When you’ve been as happily married, for as long as I have, people inevitably turn to you for advice on their love life. I am, of course, the worst possible person to ask for advice. I have no idea what it’s like out there in dateland. Although, I do know loads of single guys and gals all looking for their own Mrs or Mr Right. Maybe I should set up my own dating agency and introduce them all to one another? No, it’s been awhile since I tried my hand at matchmaking and I’ve learned my lesson. Generally, the only thing these people have in common is me. Besides do you really want to hear all the grubby details from both sides? Exactly, leave well alone is my motto.
Instead, I strive to be supportive, inject some humour into the situation but mostly I listen. Sometimes it just helps to offload. Afterwards, you can get them to put things in perspective and look at the issues from the other person’s point of view. But, sometimes, none of that works and you just need to lend a shoulder to cry on. Inevitably, people want to know what they did wrong. In truth, they didn’t do anything wrong, the other person just didn’t care enough.

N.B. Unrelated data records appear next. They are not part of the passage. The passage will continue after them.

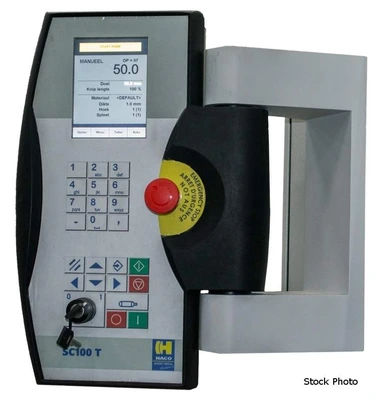NEW HACO HSLX 12 X 1/2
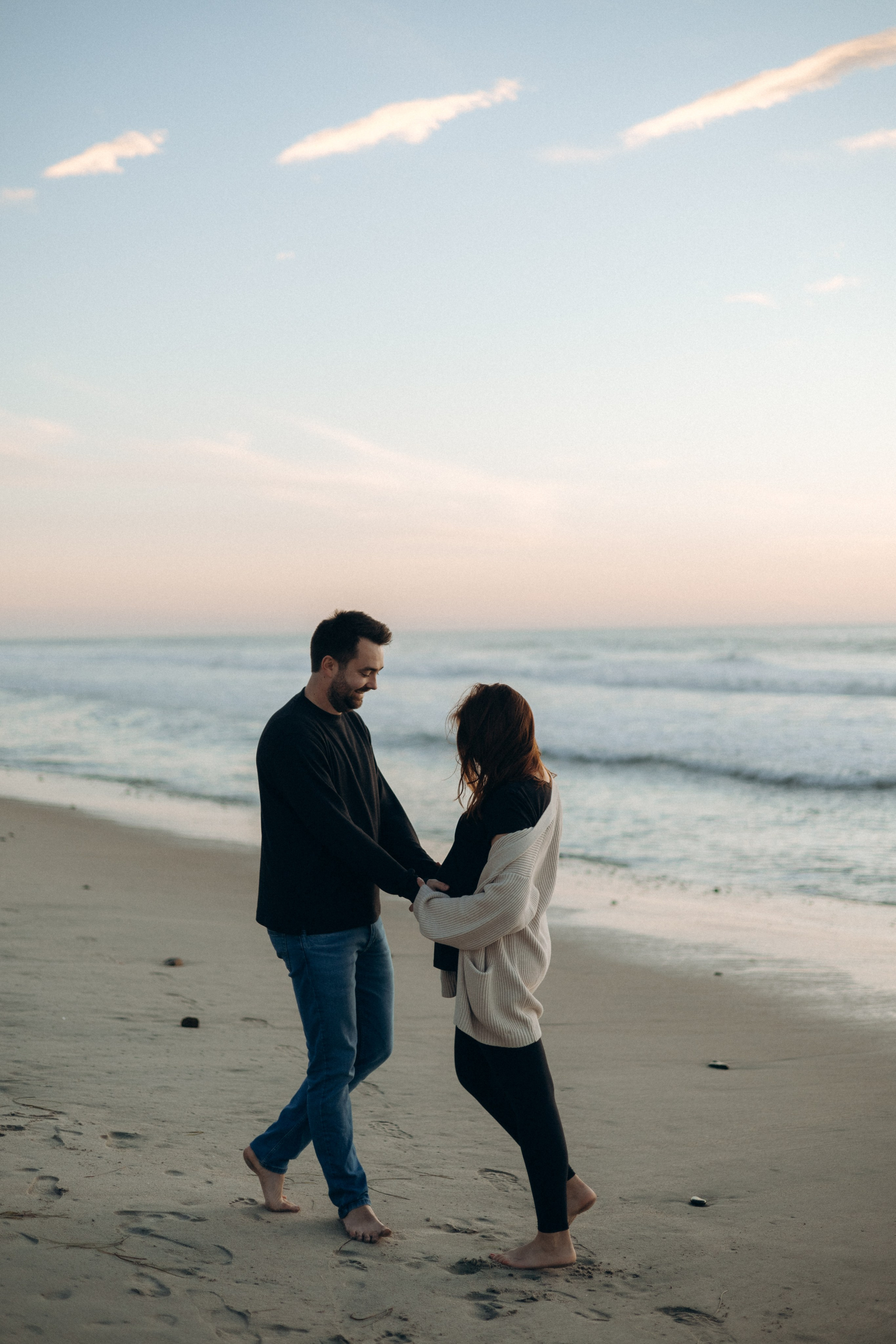 *. Wedding and family photographer San Diego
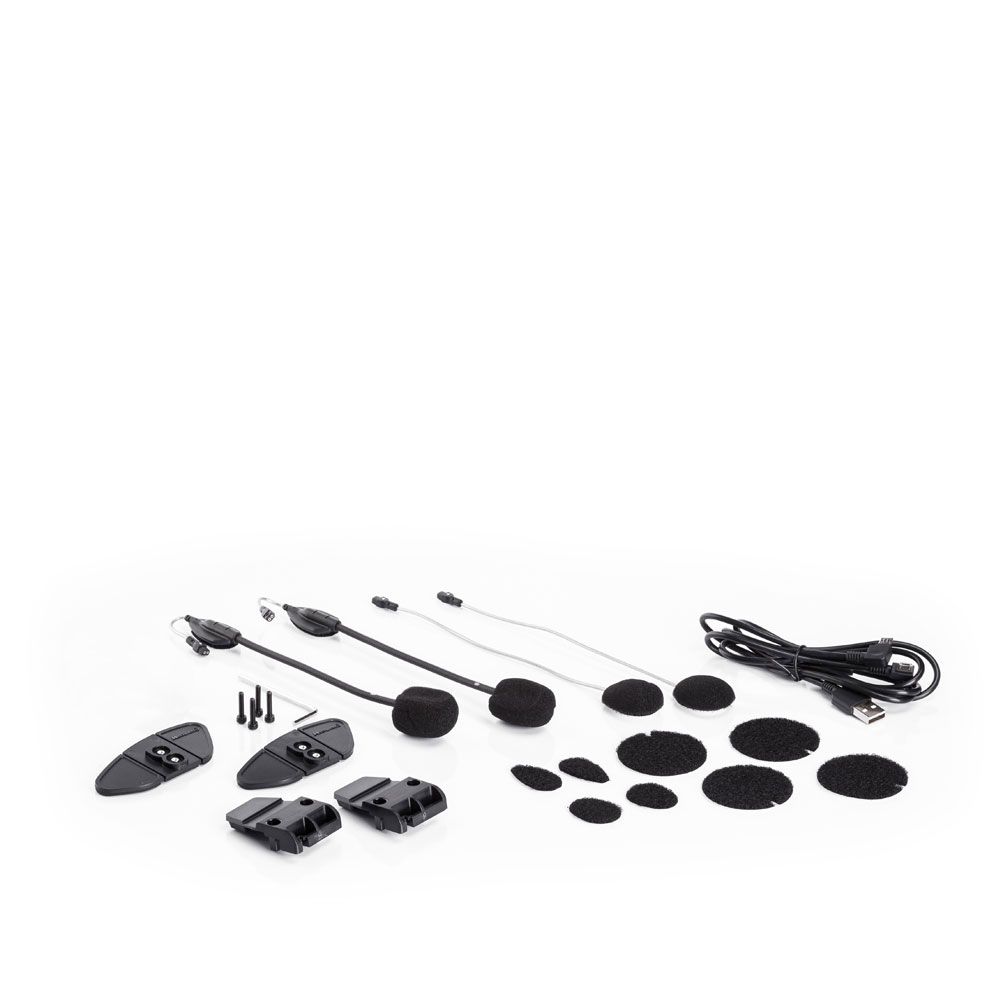 Midland BTX2 Pro S LR Interfono 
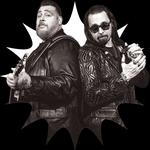 Nick Moss Band ft. Dennis Gruenling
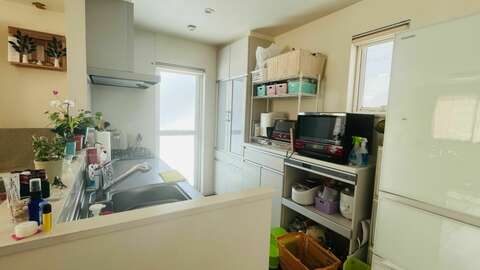 Kutchan Kita 3 Double Houses5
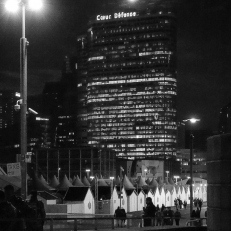 Paris, La Défense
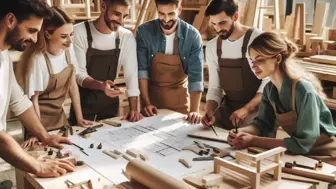 Growing Midwest Cabinet Distributor Serving Contractors & Builders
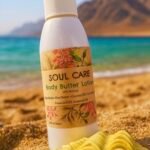 Body Butter Lotion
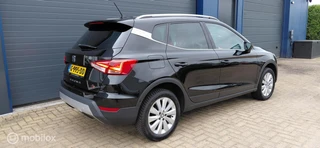 Seat Arona 1.0 TSI Xcellence ,Led, Virtual ,Trekhaak / 8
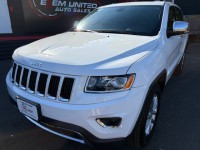 Image for 2014 Jeep Grand Cherokee Limited ID: 6756579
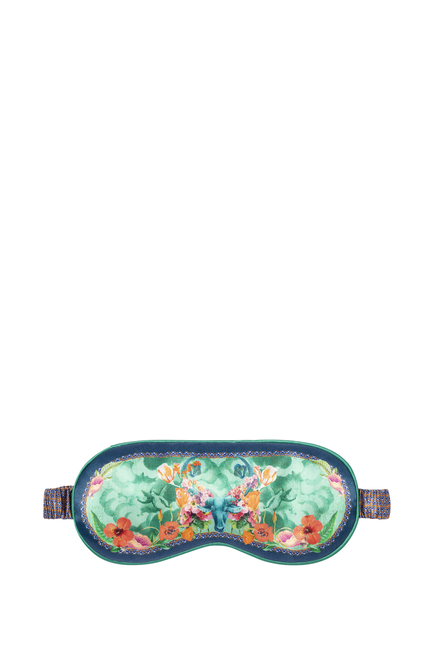 Taurus Sleep Mask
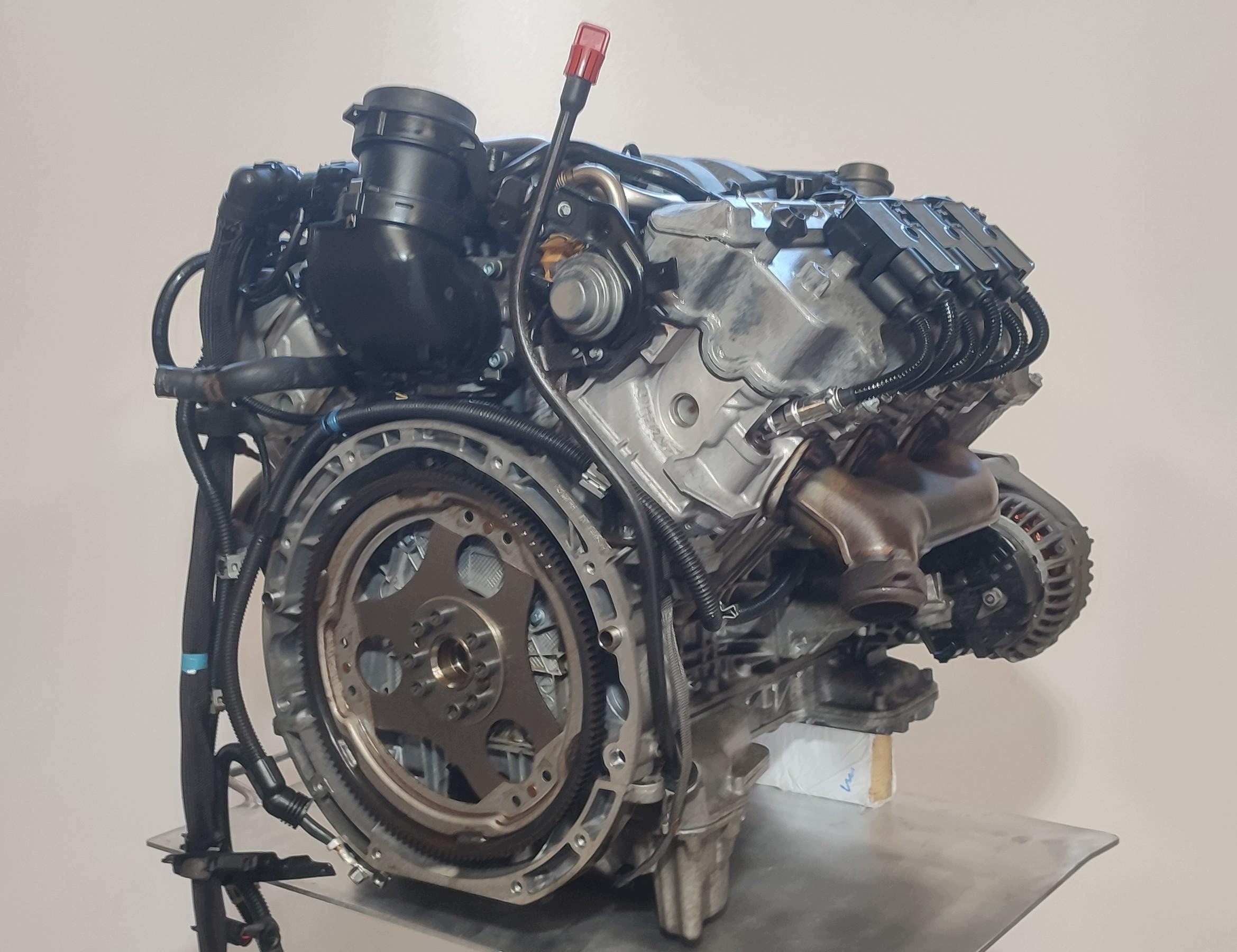 Moteur M 112.973 - Image 3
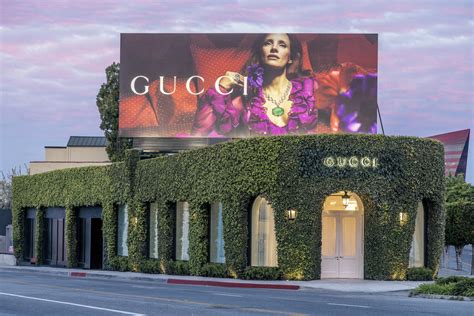 outlet gucci los angeles - Gucci outlet store Los Angeles.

None of us are perfect, we just need to find someone who can put up with our imperfections. I often say I married my beloved because I’d found someone who could put up with me 24/7 and I’d sensibly reasoned there couldn’t be too many like him. There’s an element of truth in this. I would be the first person to acknowledge I’m not easy to live with, he’s far more easy going than me. You also need compatibility. You can have your own interests but you do need to have some in common. For example, it would be unthinkable that I’d hook up with someone who didn’t like sport. You also need to be willing to compromise: yes, the C-word. A bit of give and take goes a long way. Finally, and most importantly, you both need to care deeply about one another. Without that, none of the rest really matters.
Postscript: My beloved and I discussed this over breakfast, he feels that part of the problem is unrealistic expectations.